The first of the five new books I am reading this year was Anatomy Of Love: A Natural History Of Mating, Marriage, And Why We Stray By Helen Fisher. I’ll tell ya, this book is a S-L-O-W read. Normally I can breeze through a book of it’s size in a week or two, but this book challenged me to think, hard, and it took a great deal of time to mentally digest all of the fascinating information held within it’s pages. I love those sorts of books. It’s so much more satisfying once you make it to the end.
To break this book down to the very basics (not easy to do, trust me) it could be called a very thorough examination of human sexuality throughout our evolution. It starts right at the beginning of time, and speaks at great length about how sexual beliefs and practices have come to be through the ages. It examines countless other cultures, which I enjoyed a great deal. Books that are completely based on western culture and then claim to represent humans the world over irritate me. This is not one of those books.
It has an excellent balance of speculative versus factual information. The flow of the book is easy to understand and it’s organized chronologically. It also remained very neutral on subjects such as monogamy/non-monogamy, which was refreshing. I know that sometimes books claim to be neutral, and yet you can sense a sort of ‘tone’ about the writing that hints subtle preferences or agreement with one or the other. Not so with this book. In fact it’s almost entirely devoid of emotion, clearly wanting to stick to the scientific analysis, rather than taking a moral stance.

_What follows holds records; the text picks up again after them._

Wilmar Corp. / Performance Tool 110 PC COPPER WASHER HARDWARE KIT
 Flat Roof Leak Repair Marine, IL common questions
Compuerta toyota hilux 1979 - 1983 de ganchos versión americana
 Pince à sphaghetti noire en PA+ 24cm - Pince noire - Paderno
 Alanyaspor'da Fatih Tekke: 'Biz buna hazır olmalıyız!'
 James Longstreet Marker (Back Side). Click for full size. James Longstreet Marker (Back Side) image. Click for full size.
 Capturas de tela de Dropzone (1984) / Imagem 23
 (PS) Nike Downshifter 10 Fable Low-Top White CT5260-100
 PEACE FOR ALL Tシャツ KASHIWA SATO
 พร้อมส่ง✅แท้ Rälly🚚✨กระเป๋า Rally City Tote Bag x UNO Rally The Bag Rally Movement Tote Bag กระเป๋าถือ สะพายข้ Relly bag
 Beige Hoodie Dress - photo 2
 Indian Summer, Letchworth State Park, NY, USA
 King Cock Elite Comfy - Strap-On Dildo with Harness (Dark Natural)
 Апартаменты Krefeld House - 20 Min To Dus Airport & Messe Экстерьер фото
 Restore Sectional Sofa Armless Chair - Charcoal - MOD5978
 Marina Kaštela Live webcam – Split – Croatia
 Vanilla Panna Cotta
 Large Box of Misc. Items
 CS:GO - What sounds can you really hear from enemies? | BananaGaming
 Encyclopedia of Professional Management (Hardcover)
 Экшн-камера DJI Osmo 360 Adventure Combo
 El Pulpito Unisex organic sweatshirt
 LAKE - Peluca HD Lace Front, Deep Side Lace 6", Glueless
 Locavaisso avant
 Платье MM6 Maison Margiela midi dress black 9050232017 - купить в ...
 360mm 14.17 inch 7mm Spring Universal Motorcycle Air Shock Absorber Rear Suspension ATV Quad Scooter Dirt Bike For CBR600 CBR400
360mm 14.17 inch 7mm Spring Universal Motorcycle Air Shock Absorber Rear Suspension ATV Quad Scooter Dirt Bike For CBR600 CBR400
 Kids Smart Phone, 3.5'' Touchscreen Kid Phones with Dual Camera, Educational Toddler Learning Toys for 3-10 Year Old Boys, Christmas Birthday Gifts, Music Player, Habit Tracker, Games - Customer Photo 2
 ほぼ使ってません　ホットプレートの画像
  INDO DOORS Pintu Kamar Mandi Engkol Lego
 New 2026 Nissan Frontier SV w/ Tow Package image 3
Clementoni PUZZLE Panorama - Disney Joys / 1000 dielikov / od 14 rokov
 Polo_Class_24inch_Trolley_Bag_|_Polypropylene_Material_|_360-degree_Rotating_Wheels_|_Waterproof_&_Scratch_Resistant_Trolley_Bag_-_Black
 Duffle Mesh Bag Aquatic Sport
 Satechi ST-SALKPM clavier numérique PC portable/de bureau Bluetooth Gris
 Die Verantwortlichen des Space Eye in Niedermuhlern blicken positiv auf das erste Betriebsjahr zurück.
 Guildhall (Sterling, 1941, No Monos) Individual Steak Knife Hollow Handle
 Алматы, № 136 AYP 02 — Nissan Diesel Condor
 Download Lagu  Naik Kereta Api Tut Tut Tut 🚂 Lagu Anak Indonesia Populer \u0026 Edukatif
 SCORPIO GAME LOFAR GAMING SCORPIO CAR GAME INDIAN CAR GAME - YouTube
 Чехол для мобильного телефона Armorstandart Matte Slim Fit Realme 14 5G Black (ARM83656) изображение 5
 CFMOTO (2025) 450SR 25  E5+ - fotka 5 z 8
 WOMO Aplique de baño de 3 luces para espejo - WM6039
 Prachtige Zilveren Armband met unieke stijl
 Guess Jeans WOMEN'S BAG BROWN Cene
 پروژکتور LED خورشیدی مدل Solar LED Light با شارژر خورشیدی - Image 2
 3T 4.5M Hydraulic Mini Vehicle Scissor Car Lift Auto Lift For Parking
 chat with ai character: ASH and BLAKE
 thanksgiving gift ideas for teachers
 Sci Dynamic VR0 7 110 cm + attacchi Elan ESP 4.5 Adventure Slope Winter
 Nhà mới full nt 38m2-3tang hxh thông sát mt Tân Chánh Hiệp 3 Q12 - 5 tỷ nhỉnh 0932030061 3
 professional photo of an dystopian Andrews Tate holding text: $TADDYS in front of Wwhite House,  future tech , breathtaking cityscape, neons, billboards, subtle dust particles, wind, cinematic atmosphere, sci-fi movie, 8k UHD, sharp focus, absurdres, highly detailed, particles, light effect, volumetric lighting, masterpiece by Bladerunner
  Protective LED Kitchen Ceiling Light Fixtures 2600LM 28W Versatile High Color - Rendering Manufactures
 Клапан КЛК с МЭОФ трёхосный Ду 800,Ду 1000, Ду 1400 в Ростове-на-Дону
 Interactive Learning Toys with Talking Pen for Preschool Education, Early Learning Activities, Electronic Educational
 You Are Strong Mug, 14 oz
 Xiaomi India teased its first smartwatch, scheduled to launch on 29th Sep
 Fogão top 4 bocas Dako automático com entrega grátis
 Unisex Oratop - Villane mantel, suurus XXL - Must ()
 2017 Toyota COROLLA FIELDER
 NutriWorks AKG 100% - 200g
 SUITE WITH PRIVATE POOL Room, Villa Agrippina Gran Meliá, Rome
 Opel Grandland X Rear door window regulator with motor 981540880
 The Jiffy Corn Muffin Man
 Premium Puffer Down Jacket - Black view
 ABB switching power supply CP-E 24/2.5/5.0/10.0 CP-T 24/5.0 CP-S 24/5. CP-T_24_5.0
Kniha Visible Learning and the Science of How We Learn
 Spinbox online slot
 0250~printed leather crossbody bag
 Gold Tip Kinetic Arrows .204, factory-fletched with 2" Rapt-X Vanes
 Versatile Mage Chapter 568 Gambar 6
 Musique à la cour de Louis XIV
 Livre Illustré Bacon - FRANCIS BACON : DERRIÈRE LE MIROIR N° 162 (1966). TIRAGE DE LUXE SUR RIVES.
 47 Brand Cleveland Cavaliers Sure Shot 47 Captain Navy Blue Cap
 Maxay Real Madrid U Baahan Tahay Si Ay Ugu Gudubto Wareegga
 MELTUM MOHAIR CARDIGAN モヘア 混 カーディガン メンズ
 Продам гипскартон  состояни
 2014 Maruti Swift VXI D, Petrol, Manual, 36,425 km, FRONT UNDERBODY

It was incredibly interesting to learn about how early humans related to each other, and how our mating practices came into being. It also taught me a great deal about marriage and how monogamy came into practice (like most primates, early humans were very likely not monogamous).
Without revealing too much of ‘good parts’ it certainly makes one think a great deal about our society. Sexuality, relations between men and women, and our commonly held beliefs about monogamy and marriage seem to be coming full circle. I think that as men and women come to depend on each other less and less for financial security and reasons related to material things, we will see a return to more ‘natural’ patterns of relationships.
Actually, I can’t come up with a single negative comment on this book. It completely exceeded all of my expectations.
If you enjoy being challenged mentally, and find history and evolutionary theories interesting, give this book a read. I promise you won’t be disappointed.